When did women gain voting rights in Canada?
Answer
Federally in 1918, with full equality achieved by the 1960s.
Explanation
Most Canadian women won the federal vote in stages between 1916 and 1960, with full equality of voting rights confirmed only when Indigenous women gained the right to vote without losing Indian status in 1960. The Manitoba Act of January 28, 1916 (passed under Premier Tobias Norris) was the first provincial statute to give women the vote and the right to stand for election, followed by Saskatchewan and Alberta later in 1916. The federal Wartime Elections Act of 1917 gave the federal vote to women serving in the armed forces and to female relatives of soldiers, and the federal Act to confer the Electoral Franchise upon Women of 1918 (passed under Prime Minister Robert Borden) extended the federal vote to most women aged 21 or older.

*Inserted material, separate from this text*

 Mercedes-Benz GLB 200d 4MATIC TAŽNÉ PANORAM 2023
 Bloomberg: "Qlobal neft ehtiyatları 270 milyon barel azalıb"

Quebec was the last province to grant women the provincial vote, in 1940, under Premier Adelard Godbout. Indigenous women were excluded from federal voting alongside Indigenous men until 1960, when Prime Minister John Diefenbaker's government amended the Canada Elections Act to remove the disenfranchisement based on Indian Act status. Asian Canadians, Inuit Canadians, and other racialised minorities also gained the federal vote at various points, with Chinese and Japanese Canadians regaining the federal vote in 1947 and 1948 respectively after wartime disenfranchisement.
The first woman elected to the House of Commons was Agnes Macphail, who won Grey South-East as a United Farmers of Ontario candidate on December 6, 1921. Cairine Wilson became the first woman appointed to the Senate of Canada on February 15, 1930, made possible by the Persons Case (Edwards v. Canada) decided by the Judicial Committee of the Privy Council on October 18, 1929. The Privy Council overruled the Supreme Court of Canada's 1928 ruling that women were not 'qualified persons' eligible for Senate appointment under the British North America Act, 1867. The Famous Five (Emily Murphy, Henrietta Muir Edwards, Nellie McClung, Louise McKinney, and Irene Parlby) brought the case.
Canadian women's voting rights were further entrenched in the Canadian Charter of Rights and Freedoms in 1982, with section 3 protecting the right to vote regardless of sex and section 28 guaranteeing equal application of all Charter rights to male and female persons. Section 28 cannot be overridden by section 33's notwithstanding clause. Federal voting age was lowered from 21 to 18 in 1970, applying equally to women and men. Women now make up about 30 per cent of the House of Commons and a higher proportion of the Senate, with parity caucuses and party-level commitments aimed at improving representation.
Why this matters for your test
The expansion of women's voting rights is a touchstone of Canadian democratic history. Recognising the 1916 Manitoba breakthrough, the 1918 federal extension, the 1929 Persons Case, and the 1960 inclusion of Indigenous women anchors the answer to four specific milestones.